Netanyahu at INSS think tank
Netanyahu at INSS think tank Kobi Gideon/GPO

Prime Minister Binyamin Netanyahu asked the international community on Sunday to support Jordan in the fight against "Islamic extremism" and to back the independence of Iraq's Kurds, AFP reports.

"We need to support efforts by the international community to strengthen Jordan and support the aspirations of the Kurds for independence," Netanyahu said in a speech to the Institute of National Security Studies (INSS) think-tank in Tel Aviv.

"I think it's our common interest to make sure that a moderate, stable regime like (Jordan) is able to defend itself," he added.

His remarks follow reports in Israeli media that officials in Tel Aviv fear Islamic State of Iraq and the Levant (ISIS) extremists may extend their control to areas of Jordan after seizing parts of Iraq in recent weeks.

Earlier on Sunday, former National Security Council director Yaakov Amidror warned against ISIS moving in on Jordan and posing a threat to Israel, adding that if Jordan requested Israeli assistance in preventing its border with Iraq from being overrun by ISIS, Israel would have little choice but to help.

In Syria, ISIS fighters already control large swathes of territory in Deir Ezzor near the Iraq border, Raqa in the north, as well as parts of neighboring Aleppo province.
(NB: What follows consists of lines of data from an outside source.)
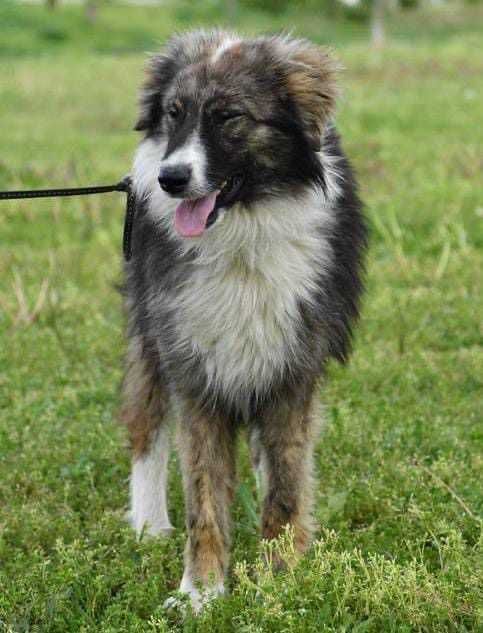 RITTA 1 rok lubi dzieci , piękny pies. Uratowana w Bułgarii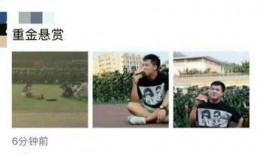 娱乐吃瓜资料来源于哪里,揭秘娱乐圈吃瓜资料的来源与传播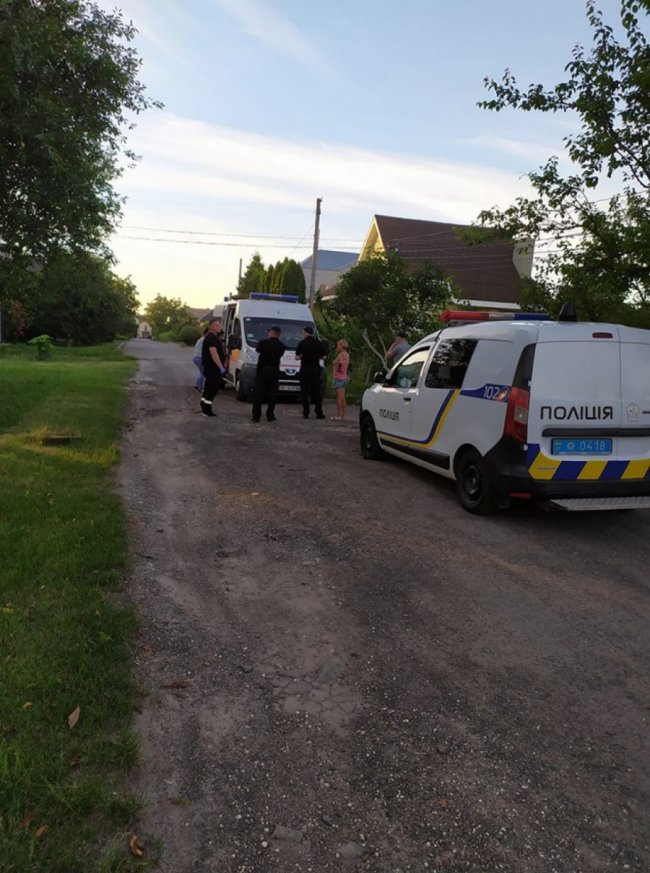 У селі під Луцьком пес покусав дитину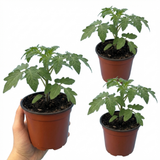 Tomato Rose Crush from Cedar Nursery, Cobham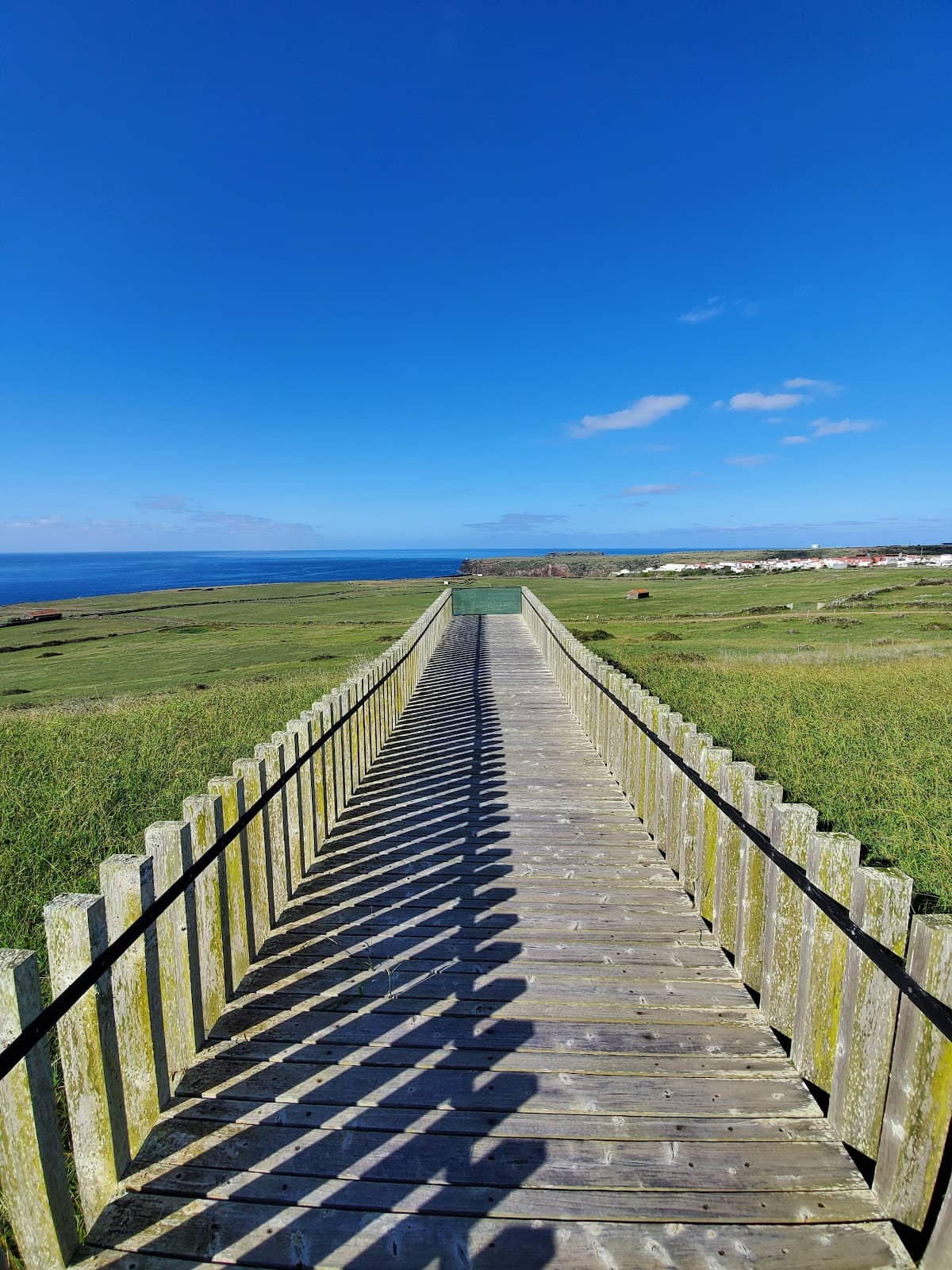 Scenic Hiking Trails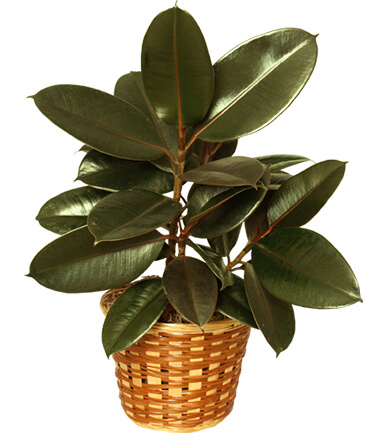 RUBBER PLANT BASKET Ficus elastica in Commerce, TX | Commerce in Bloom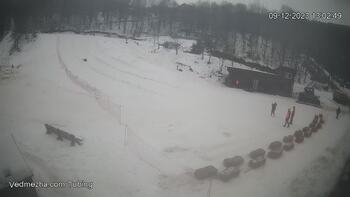 Ведмежа 9 грудня 2023 року, 2023-12-09 13:00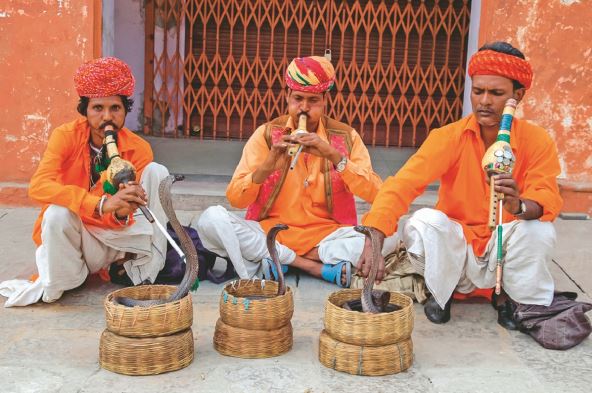krotitelji--duvackim-instrumentima-hipnotisu-otrovnice-nagovaraju-ih-da-igraju-uz-muziku--stockphotoagraindiaaprilunidentifiedsnakecharmersatthestreetofagraindiasnake426946867.jpg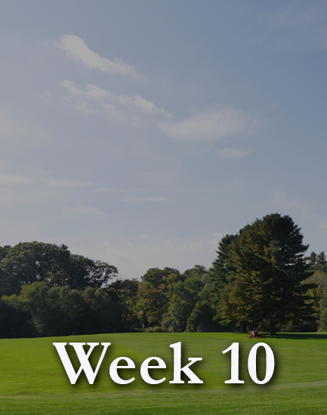 Picture of Week 10: August 23-27, Monday-Friday, Mornings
In Iraq, they have spearheaded a lightning offensive, capturing sizeable territories in the north and west of the conflict-torn country.

Netanyahu also called for independence for Iraq's Kurdistan region, where Kurdish peshmerga security forces have mobilized in an unprecedented deployment to fight against ISIS.

The premier voiced concern over "the powerful wave triggered by ISIS, which could reach Jordan in a very short time."

He added, "We must be able to stop the terrorism and fundamentalism that can reach us from the east at the Jordan line and not in the suburbs of Tel Aviv."

ISIS on Sunday declared it had established a "caliphate", or Islamist state, straddling Iraq and Syria.

The jihadists said the state would spread from Aleppo in northern Syria to Diyala in eastern Iraq, and ordered Muslims in those areas to pay allegiance to the group.